Urban Subjects is a cultural research collective formed in 2004 by Sabine Bitter, Jeff Derksen, and Helmut Weber, based in Vancouver, Canada and Vienna, Austria. Together they develop interdisciplinary artistic projects focusing on global-urban issues, the texture of cities, and on civic imaginations. Urban Subjects do not work on a consensus model. Amongst others, they have organized the exhibition Not Sheep: New Urban Enclosures and Commonsat Artspeak, Vancouver, in 2006 and participated in the conference Contrapolis; or Creativity and Enclosures in the Cities at Poortgebouw and NAI, Rotterdam organized by Marina Vishmidt, Jan van Eyck Academy, in 2008. They have collaborated with Vancouver Flying University on a public program regarding housing in Vancouver.

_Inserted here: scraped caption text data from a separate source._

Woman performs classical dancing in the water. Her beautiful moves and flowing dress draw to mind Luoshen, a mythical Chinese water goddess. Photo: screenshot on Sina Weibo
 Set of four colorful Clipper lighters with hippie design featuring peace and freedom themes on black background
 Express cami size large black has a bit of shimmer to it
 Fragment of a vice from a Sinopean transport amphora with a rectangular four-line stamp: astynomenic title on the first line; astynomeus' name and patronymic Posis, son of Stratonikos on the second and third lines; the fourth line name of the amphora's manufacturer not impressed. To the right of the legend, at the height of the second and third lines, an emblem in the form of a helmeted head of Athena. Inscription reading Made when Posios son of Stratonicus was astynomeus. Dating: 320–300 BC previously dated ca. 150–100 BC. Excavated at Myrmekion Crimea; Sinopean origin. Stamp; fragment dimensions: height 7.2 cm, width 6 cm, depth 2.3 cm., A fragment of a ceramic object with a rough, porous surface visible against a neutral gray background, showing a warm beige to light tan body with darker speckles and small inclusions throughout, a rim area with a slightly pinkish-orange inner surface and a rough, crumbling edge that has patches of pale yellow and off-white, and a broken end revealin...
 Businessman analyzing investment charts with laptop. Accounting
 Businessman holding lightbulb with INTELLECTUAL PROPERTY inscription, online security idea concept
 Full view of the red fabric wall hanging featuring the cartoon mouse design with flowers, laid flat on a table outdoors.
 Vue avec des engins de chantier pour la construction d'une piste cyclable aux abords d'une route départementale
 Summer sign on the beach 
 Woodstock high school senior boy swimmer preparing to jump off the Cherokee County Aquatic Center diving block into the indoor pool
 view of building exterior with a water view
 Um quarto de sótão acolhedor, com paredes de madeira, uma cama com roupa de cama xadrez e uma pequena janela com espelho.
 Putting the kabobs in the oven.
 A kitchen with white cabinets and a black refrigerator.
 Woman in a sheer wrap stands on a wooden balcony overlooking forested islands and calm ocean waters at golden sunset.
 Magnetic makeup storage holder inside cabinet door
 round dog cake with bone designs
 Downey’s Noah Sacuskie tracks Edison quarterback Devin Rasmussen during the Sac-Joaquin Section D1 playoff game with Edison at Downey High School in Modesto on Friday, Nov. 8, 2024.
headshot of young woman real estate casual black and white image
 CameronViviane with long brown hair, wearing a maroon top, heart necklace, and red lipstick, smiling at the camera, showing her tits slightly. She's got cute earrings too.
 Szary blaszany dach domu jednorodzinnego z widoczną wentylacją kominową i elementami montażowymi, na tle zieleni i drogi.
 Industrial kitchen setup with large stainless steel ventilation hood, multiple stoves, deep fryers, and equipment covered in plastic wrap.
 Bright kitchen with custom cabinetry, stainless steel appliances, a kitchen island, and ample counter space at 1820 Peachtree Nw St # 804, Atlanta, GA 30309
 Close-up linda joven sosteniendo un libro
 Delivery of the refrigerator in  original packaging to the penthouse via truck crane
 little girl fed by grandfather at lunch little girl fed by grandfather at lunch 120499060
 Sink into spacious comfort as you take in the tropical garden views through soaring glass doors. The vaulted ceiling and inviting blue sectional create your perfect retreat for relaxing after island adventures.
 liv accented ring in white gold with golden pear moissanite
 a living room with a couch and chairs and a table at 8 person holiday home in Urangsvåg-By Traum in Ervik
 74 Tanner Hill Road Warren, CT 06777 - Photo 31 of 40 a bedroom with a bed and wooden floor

In 2009 they devised and edited the book Autogestion, or Henri Lefebvre in New Belgrade, with a previously unpublished manuscript by Lefebvre (Fillip/Sternberg Press, 2009) and collaboratively produced Momentarily: Learning from Mega-events (Western Front, 2011) with Bik Van der Pol and Alissa Firth-Eagland. For WE: Vancouver at the Vancouver Art Gallery they wrote a manifesto concerning the historical endurance of the political imagination of revolution, a Manifesto for the Poetry of the Future, with geographer Neil Smith. They worked on the project Filling the Weak Points regarding autogestion and “researching the militant image” in cooperation with Kunstraum of Leuphana University Lüneburg and as artists in residence at the Leuphana Arts Program in 2012/2013. In 2014, they curated the exhibition The Militant Image – Picturing What Is Already Going On with Camera Austria, Graz, and conducted the workshop “Researching the Militant Image” as part ofsteirische herbst Academy 2014. Currently they are working on the publication, The Militant Image Reader forthcoming in fall 2015 by Edition Camera Austria. As part of their ongoing research on the urban affects of Olympics and Expos, Where the World Was: Cities After Global Mega-events, in July 2015, they held a research residency at the EXPO in Milano, Italy.
Image 1-3: Urban Subjects´ contribution to the exhibition Some Wooly Buzz at Publications Studio Vancouver. December 13, 2013 to February 15, 2014.
The series of prints are based on Bernard Tschumi´s series of “Advertisements for Architecture” from 1976-1977, remade and remodelled for Vancouver 2014.
Image 4-5: A Sign for the City, posters, 2011.
A Sign for the City was a public art project by Sabine Bitter & Helmut Weber that reassigned the meaning of the regular nightly boom of Vancouver’s Nine O’clock Gun. For one year beginning in May 2011, a poster appeared monthly in bus shelters and in The Georgia Straight dedicating the sound of the blast each day to a particular cultural, social or political figure or event in Vancouver and B.C.’s history. The calendar notebook – which was distributed freely – listed the people to whom the 365 cannon reports were dedicated: memorializing an alternative history of Vancouver and symbolically linking culture and politics as the ground of this history.